YOUR OBJECTIVE → Could you give the data below again exactly, apart from the pictures?

(Captioned web images)
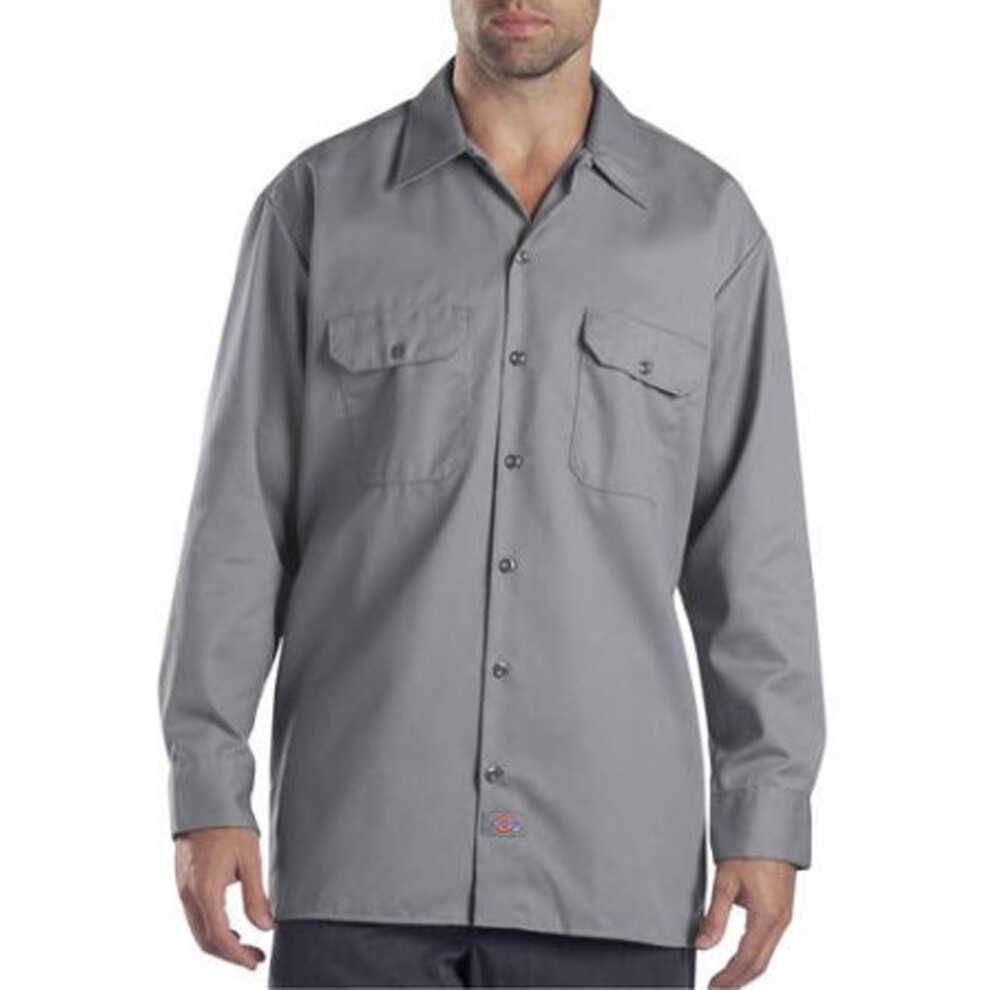 Dickies Mens Long Sleeve Work Shirt  Silver  Medium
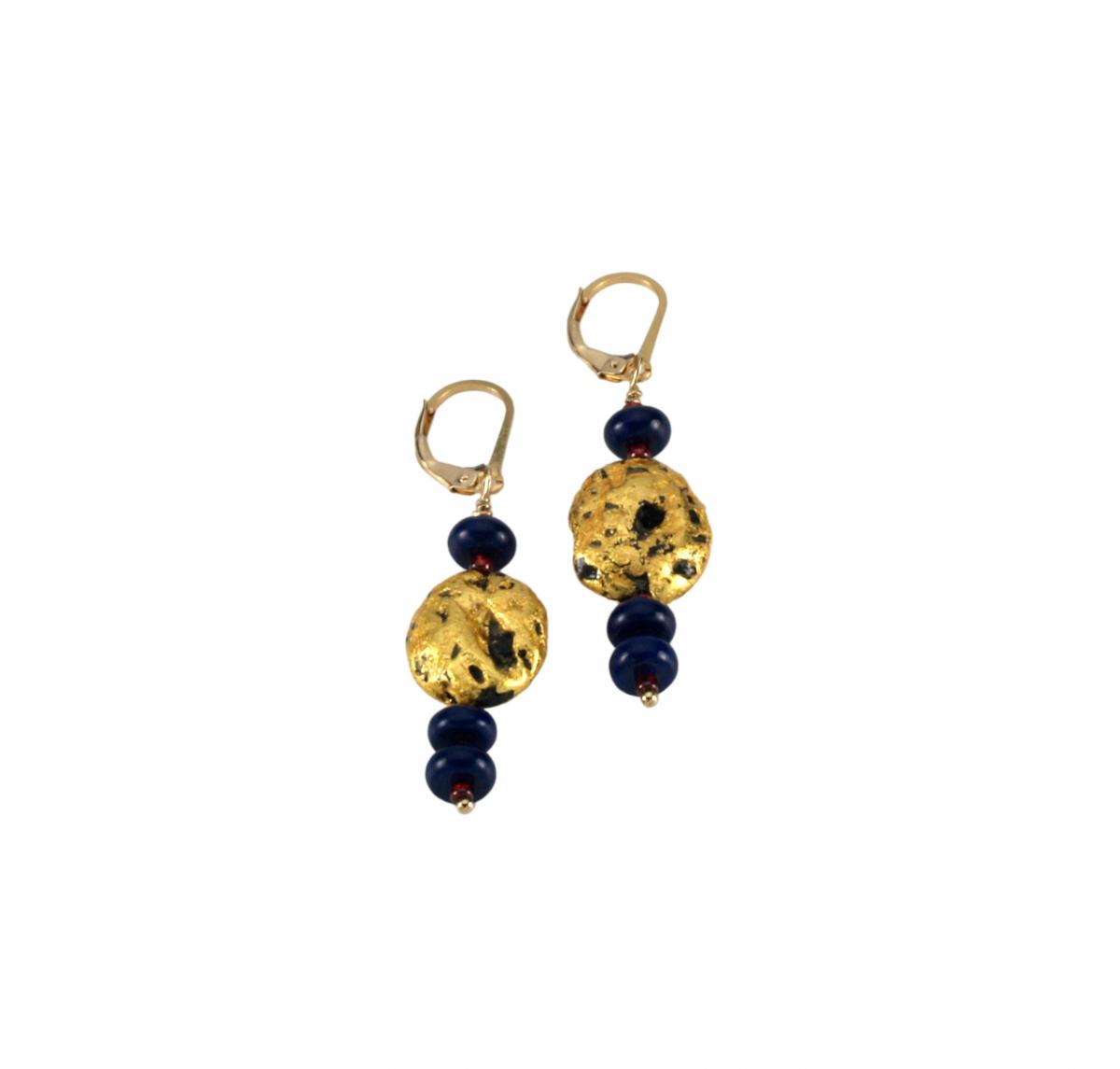 Lapis Magic Earrings - Lapis Lazuli, Red Seed Beads, 23-Karat Gold on Lava Nugget, Gold Leverbacks picture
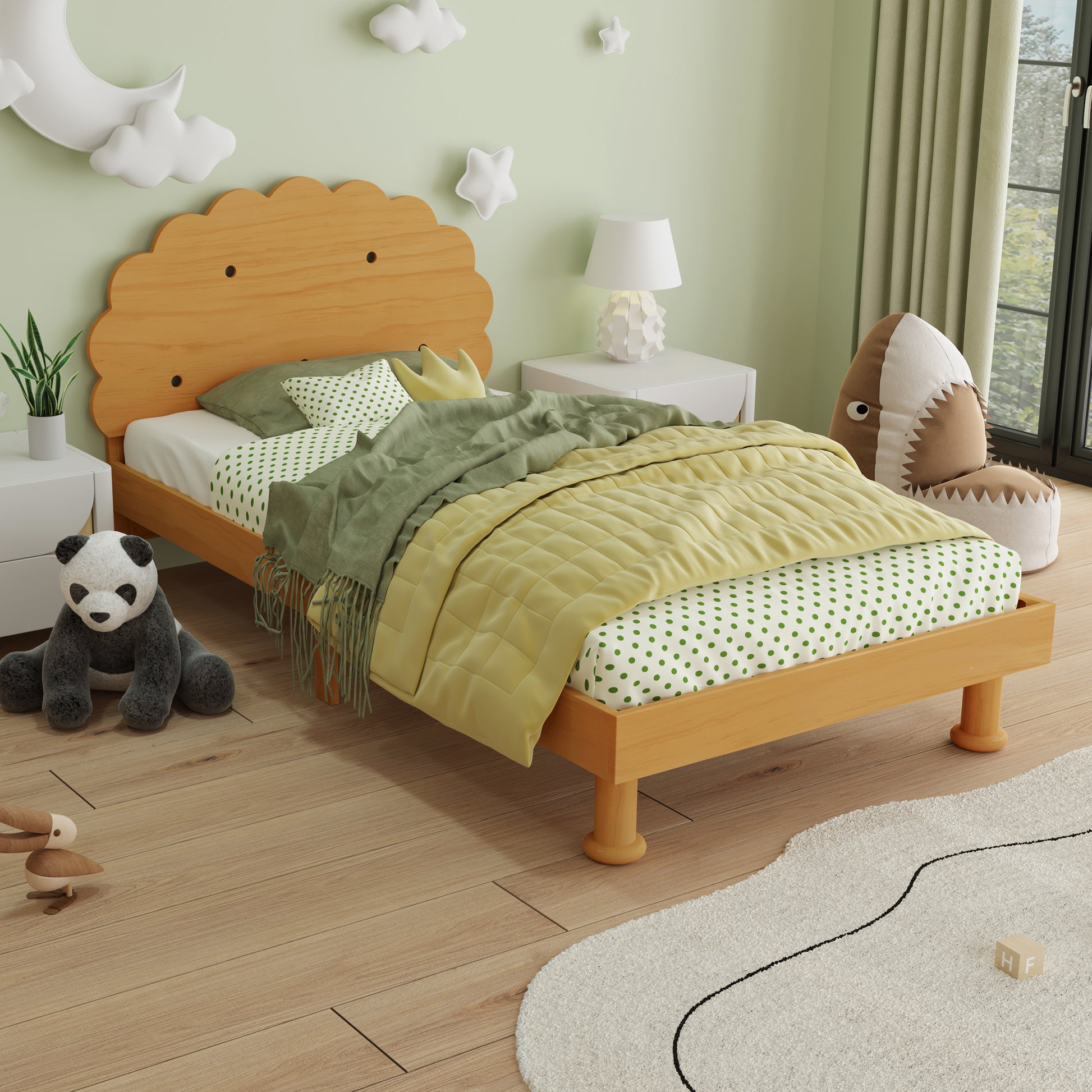 Kids Cookie Shaped Bed Frame For Boys & Girls,Twin Size Platform Bed, Walnut Box Spring Not Required Twin Walnut Wood Bedroom Contemporary,Cute,Modern Bed Frame Wood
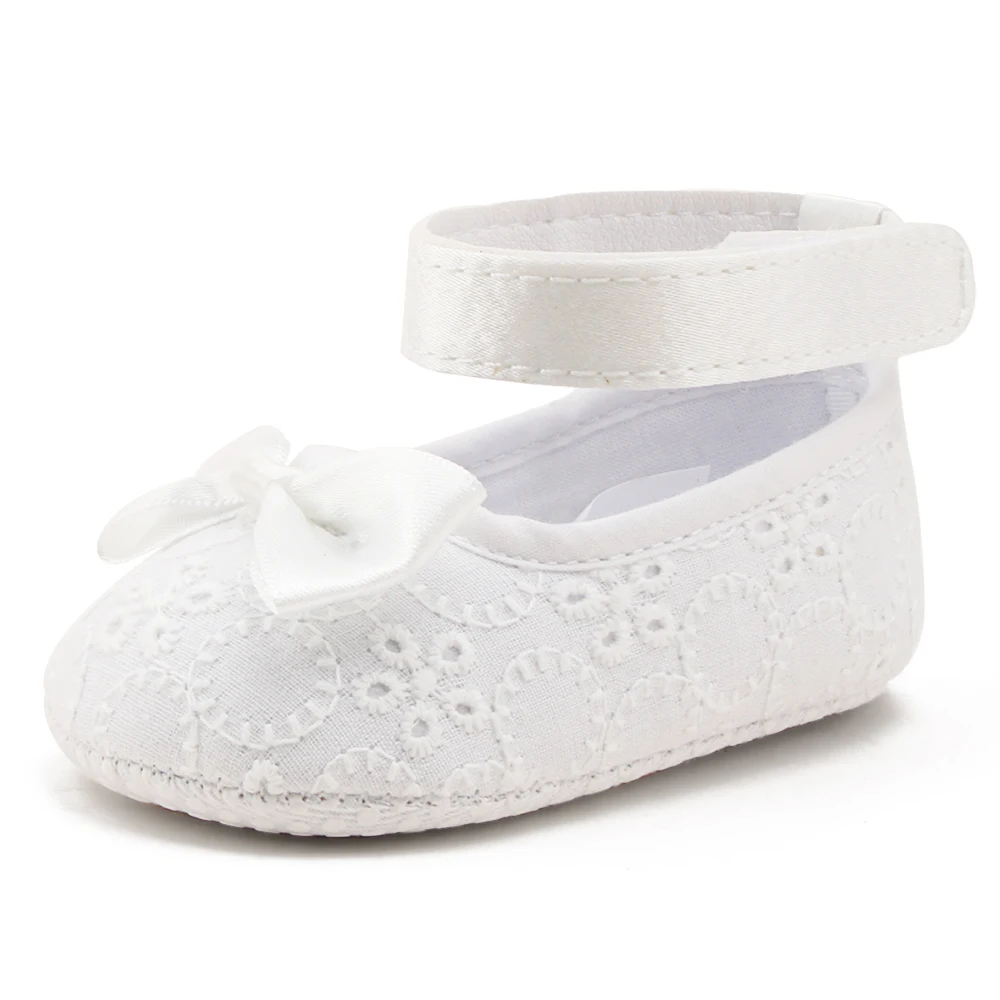 Новорожденный белый крестины кольцо с обувью дизайн принцесса детская обувь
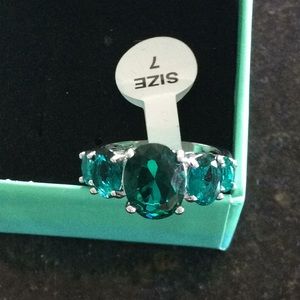 Sterling silver 925 plated simulated gemstone ring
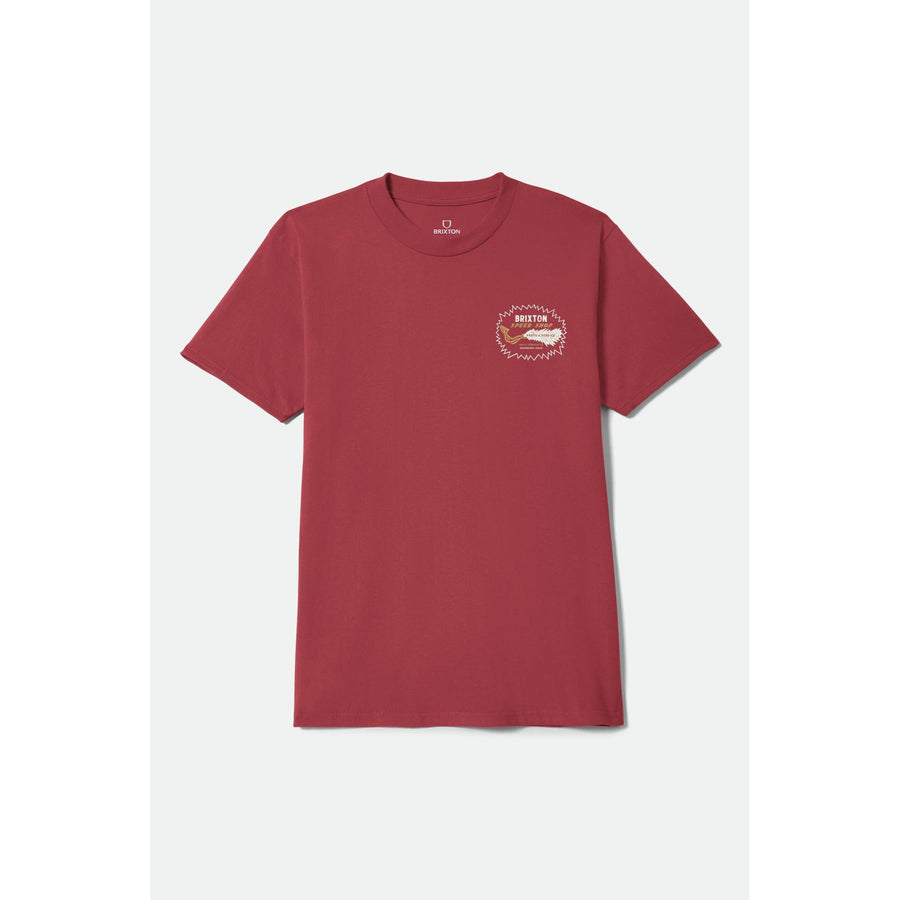Brixton Mavis T-Shirt — Black Worn Wash / Robust Red Worn / White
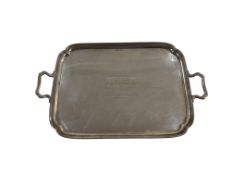 Of ecclesiastical interest: a large silver twin-handled tray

TASK ANSWER →
 Dickies Mens Long Sleeve Work Shirt  Silver  Medium
 Lapis Magic Earrings - Lapis Lazuli, Red Seed Beads, 23-Karat Gold on Lava Nugget, Gold Leverbacks picture
 Kids Cookie Shaped Bed Frame For Boys & Girls,Twin Size Platform Bed, Walnut Box Spring Not Required Twin Walnut Wood Bedroom Contemporary,Cute,Modern Bed Frame Wood
 Новорожденный белый крестины кольцо с обувью дизайн принцесса детская обувь
 Sterling silver 925 plated simulated gemstone ring
Brixton Mavis T-Shirt — Black Worn Wash / Robust Red Worn / White
 Of ecclesiastical interest: a large silver twin-handled tray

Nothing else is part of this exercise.